The other is Alun Wyn Jones. Now absent for the last five Tests, the performance and leadership of Adam Beard, showed Wales that they can, and must, look to the future. Cory Hill and Jake Ball are also missed but Will Rowlands put in one of his best performances in a Wales shirt after the collective front-five horror show in Dublin.
In the post-match missives, there were more slithers of good news. Taulupe Faletau put in a try-scoring return for Bath after being out since July last year, and Pivac announced that Josh Navidi was close to a return with Cardiff. With Willis Halaholo and Josh Adams expected to be back in contention, Wales’ resources are finally starting to strengthen at the right time. They could even see the return of George North before the end of the tournament.
Jac Morgan and Taine Basham, both 22, were a promising window into the future for Wales but at the end of the game it was Dan Biggar and Jonathan Davies, both a decade older, who steered Wales home. Pivac said Davies, who had been under some scrutiny for his place in the squad, had been looking more like his old self in training and a rip, some thunderous tackling and a powerful counter-ruck, that saw Wales earn the penalty to win the game, showed that perhaps rumours of his demise had been overstated.
Biggar, who had been stoically playing through the pain after a knock to the knee, departed with minutes to go, but his celebrations on the final whistle typified his famed will-to-win. It showed the decision by Wayne Pivac to select him as captain was shrewd. Ultimately, the morale-boosting victory told us that despite hardship, the squad is very much together.

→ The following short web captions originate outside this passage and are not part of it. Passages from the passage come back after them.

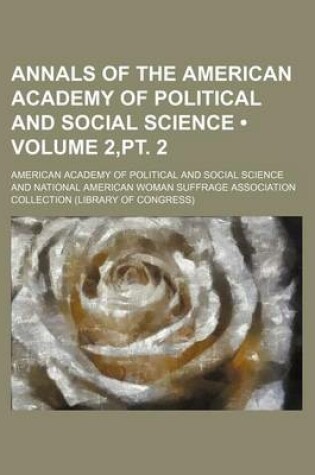 Cover of Annals of the American Academy of Political and Social Science (Volume 2, PT. 2)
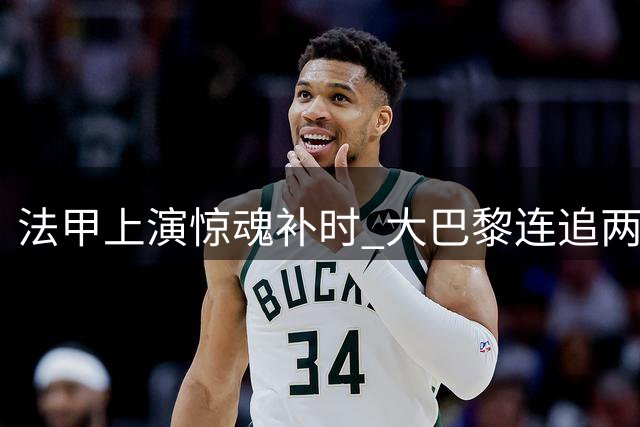 法甲上演惊魂补时 大巴黎连追两球2-2逼平里尔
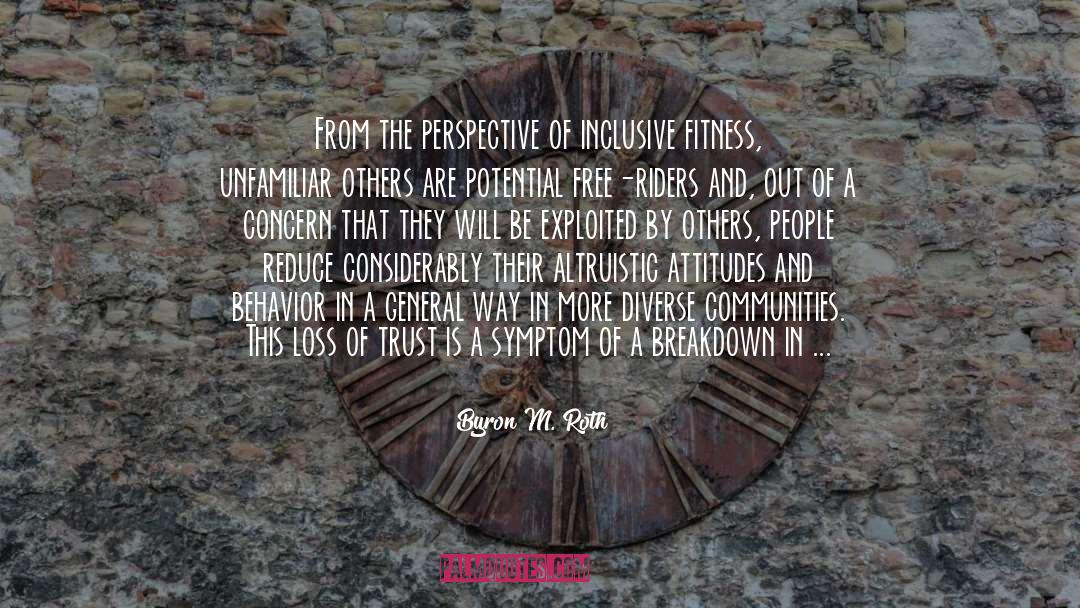 Byron M. Roth Quotes: From the perspective of inclusive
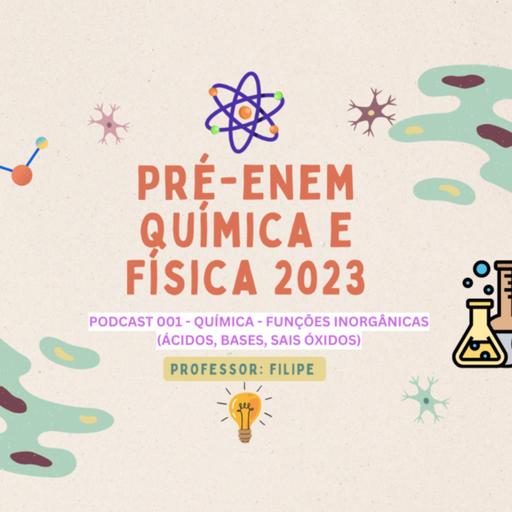 Resolução de Questões - Química - Funções Inorgânicas (ácidos, bases, sais e óxidos)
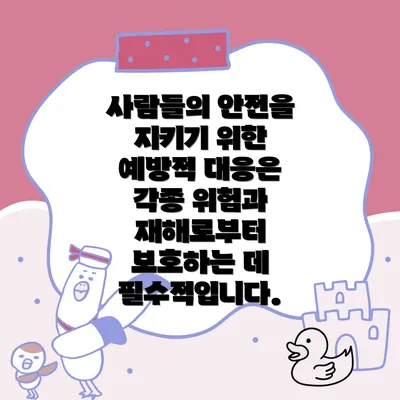 사람들의 안전을 지키기 위한 예방적 대응은 각종 위험과 재해로부터 보호하는 데 필수적입니다.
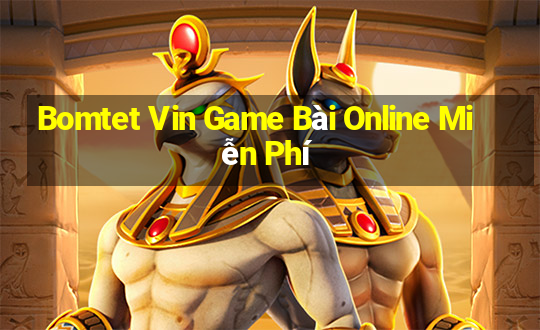 Bomtet Vin Game Bài Online Miễn Phí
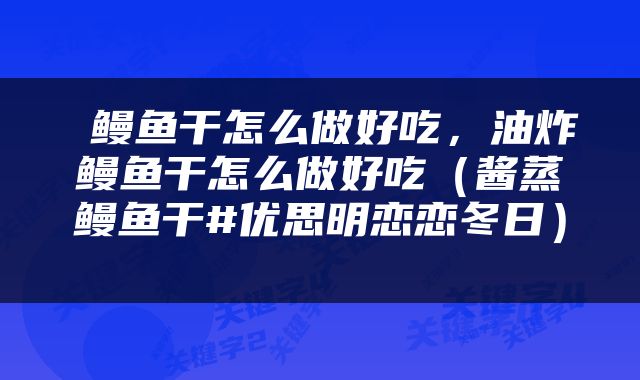  鳗鱼干怎么做好吃，油炸鳗鱼干怎么做好吃（酱蒸鳗鱼干#优思明恋恋冬日） 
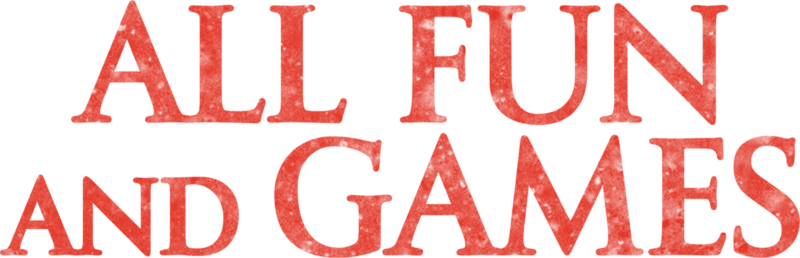 All Fun and Games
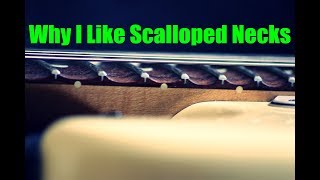 Video thumbnail for Scalloped Fretboard (Why I Like A Scalloped Guitar Neck) by Elmo Karjalainen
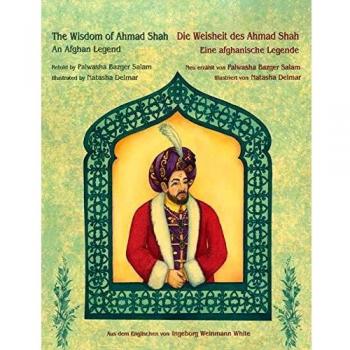 The Wisdom of Ahmad Shah - Die Weisheit des Ahmad Shah: Bilingual English-German Edition - Zweisprachige Ausgabe Englisch-Deutsch (Teaching Stories, Band 201)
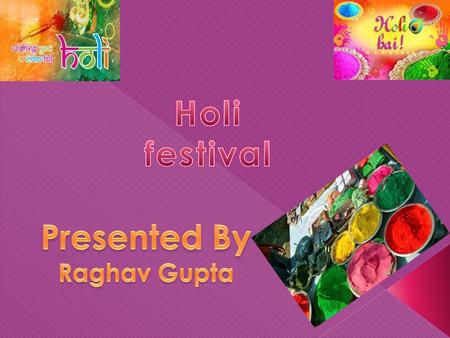One of the major festivals of India, Holi is celebrated with enthusiasm and gaiety on the full moon day in the month of Phalgun which is the month of.
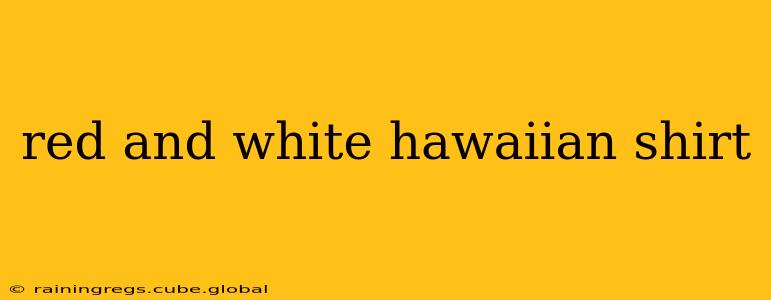 red and white hawaiian shirt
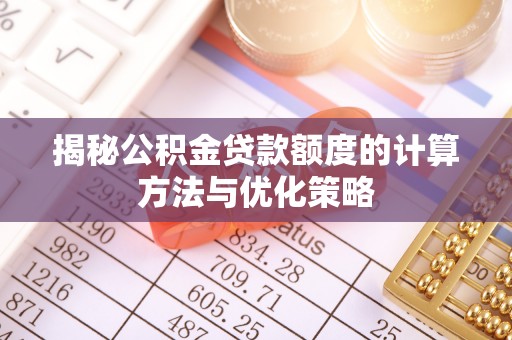 革吉揭秘公积金贷款额度的计算方法与优化策略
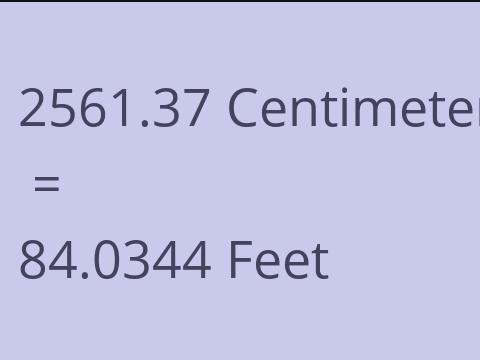 2561.37 CM TO FEET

Lamaro leads from the front
At just 23 years old, Michele Lamaro shines brightly as a beacon of strength in an evolving Italy.
Lamaro, despite his youth, was Kieran Crowley’s immediate choice of captain when he took charge as head coach in the autumn. He is not Crowley’s biggest flanker, nor his most seasoned campaigner, but his ferociously competitive brilliance inspires those around him.
On Sunday, as Italy swam into an English tide, he made 59m from eight carries, 19 tackles – adding to the 21 completed in Paris in round one – and pinched a turnover.
Crowley treasures his resilience as well as his considerable prowess on the field. Lamaro battled back from a heinous ACL injury that starved him of rugby. He speaks passionately and beautifully about what this team means to him. His rousing pre-match speech as Italy prepared to face New Zealand was the stand-out clip from the recent RugbyPass documentary, Facing Goliath, which profiles the new Azzurri.
Just this week, on this website, Paul Gustard inflated Lamaro’s tyres to near-bursting point. Gustard has played with and coached some of England’s greatest back-rows.
Lamaro could lead Italy for a decade yet. Their task – winning a Six Nations game for the first time since he was 16 – is mountainous, but he may be the man to drive them to new heights.
Scotland’s rude awakening
Scottish rugby fans didn’t just come crashing back to Earth on Saturday afternoon – they landed with a bang and a wallop as well.
The insipid, mistake-ridden showing in Cardiff was a horrific comedown from the highs of Murrayfield and the Calcutta Cup. The efficiency, snarl and nous they showed in Edinburgh utterly deserted them.
Scotland made a raft of dull errors and conceded 13 penalties, nine of which came at the breakdown. This is not a great Wales side, but it played like a team on the ropes. It looked hungrier. Its players looked like they wanted it more. That will be of grave concern to Gregor Townsend.